Technovation Challenge Launches to Build Women in Technology
By Jeri Countryman
The Technovation Challenge, a program to promote women in technology by giving girls the skills and confidence they need to be successful in computer science and entrepreneurship, will be held on Saturday, April 28th and the National Pitch Night will be held on Thursday, May 3rd from 6-9PM.
The challenge asks young women to develop a mobile phone app prototype, writing a business plan and pitching their idea to a panel of venture capital and technology start-up judges. During the ten-week program, girls are supported by high school teachers and female mentors in the technology industry. This Spring over 500 girls will participate in programs across the country in the San Francisco, Mountain View, Berkeley, San Jose, Boston, New York City, and Los Angeles.
“I’ve learned how to actually make a game that goes on a phone. It’s really interesting to learn how a developer actually programs apps. I’m excited to be behind the scenes as an app maker. Science is my worst subject, but Technovation is fun!” said one Technovation Challenge student.
The Technovation Challenge culminates with regional pitch events when teams of girls pitch their ideas to leaders from venture capital firms and the technology industry. The winning teams then move on the National Pitch Night. These events will include a poster session where the girls demo the phone app prototypes, a keynote speaker, pitches by the girls and questions from the judges, and the announcement of the Technovation Challenge winner.
Some of the judges and speakers include Ben Horowitz of Andreessen Horowitz, Adeo Ressi of the Founder Institute, Eva Ho of Factual, David Lee of SV Angel, Angela Benton of NewME Accelerator, and Sandy Jen of Meebo.
Iridescent, the science education non-profit that runs the Technovation Challenge, has invited guest speakers from leading technology startups to share their stories of a path to a career in technology and their lessons learned along the way. These videos and many more are available for you to learn from, on the Technovation Challenge website.
Preview from some of Technovation Challenge leaders in the videos below:
Anu Tewary, Founder Technovation Challenge, shared what inspired her to start the Technovation Challenge and that success is the journey along a bumpy road.
Janice Fraser, Founder & CEO LUXr, talked about how being an entrepreneur is the ability to reinvent the world.
Eric Ries, Founder The Lean Startup, discussed that programming is magic and how the Lean Startup can help find out if your idea is as good as you think it is.
Angie Chang, Co-founder & Editor-in-Chief Women 2.0, encourages girls to get excited and make things. Her three tips for entrepreneurs are 1.Have a business model 2. Know your numbers. Math counts. 3. Try try again. No one gets it right the first time.
Leah Busque, Founder and CPO TaskRabbit, shared her story of founding TaskRabbit. She tells the girls to follow their passion, trust themselves and be confident in what you bring to the table.
This work has been made possible because of the generous support of the Office of Naval Research.
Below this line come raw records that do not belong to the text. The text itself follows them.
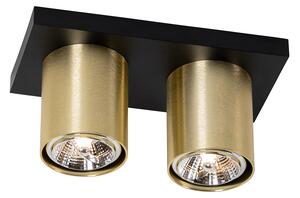 Spot de tavan modern negru cu auriu 2 lumini - Tubo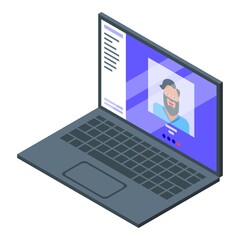 Poster - Home office laptop video call icon. Isometric of home office laptop video call vector icon for web design isolated on white background
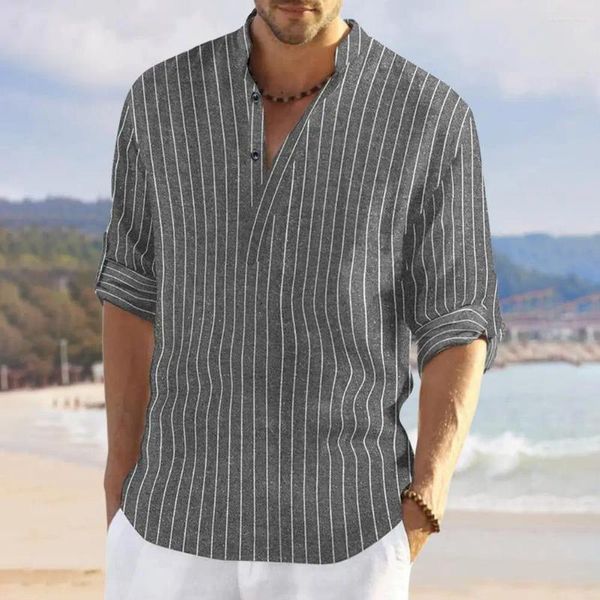 Chemises décontractées pour hommes Chemise à col montant Hommes rayé imprimé élégant avec bouton de manchette détail doux pour le printemps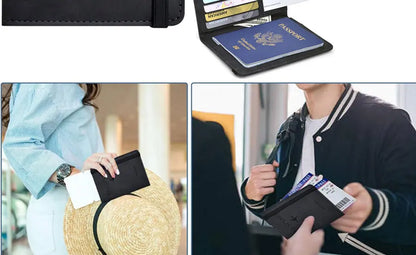 Porte-Passeport Voyage Cuir - Étui Passeport Organisateur Accessoires Voyage pour Femme Homme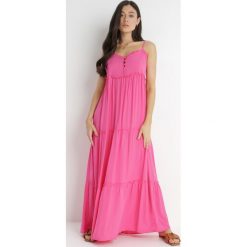 Fuksjowa Sukienka Cilaris. Czerwone sukienki Born2be, s, bez wzorów, z tkaniny, bez kołnierzyka, bez ramiączek, maxi, rozkloszowane. Za 119.99 zł.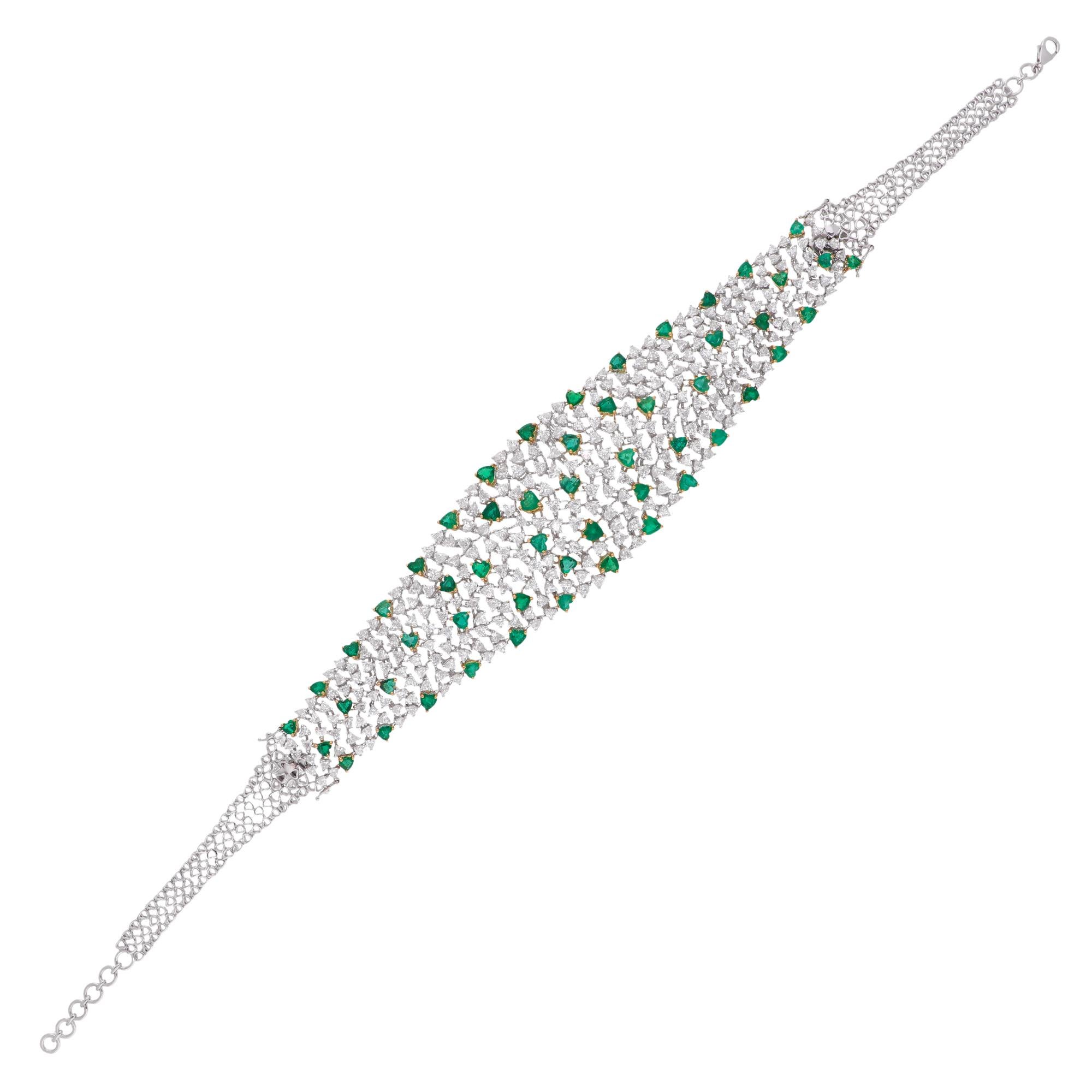 35,6TCW Herzform sambischen Smaragd Diamant Choker Halskette 18k massivem Gold Damen im Angebot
Register for regional and national pitch events here.
Jeri Countryman is the Director of Curriculum and Assessment at Iridescent, a science-education nonprofit that helps engineers, scientists and high-tech professionals bring cutting edge science, technology and engineering to high school girls and underprivileged minority children and their families. Jeri has graduate degrees from Mills College in Interdisciplinary Science and UC Santa Cruz in Education and has over a decade of experience encouraging girls to pursue science, technology and engineering careers.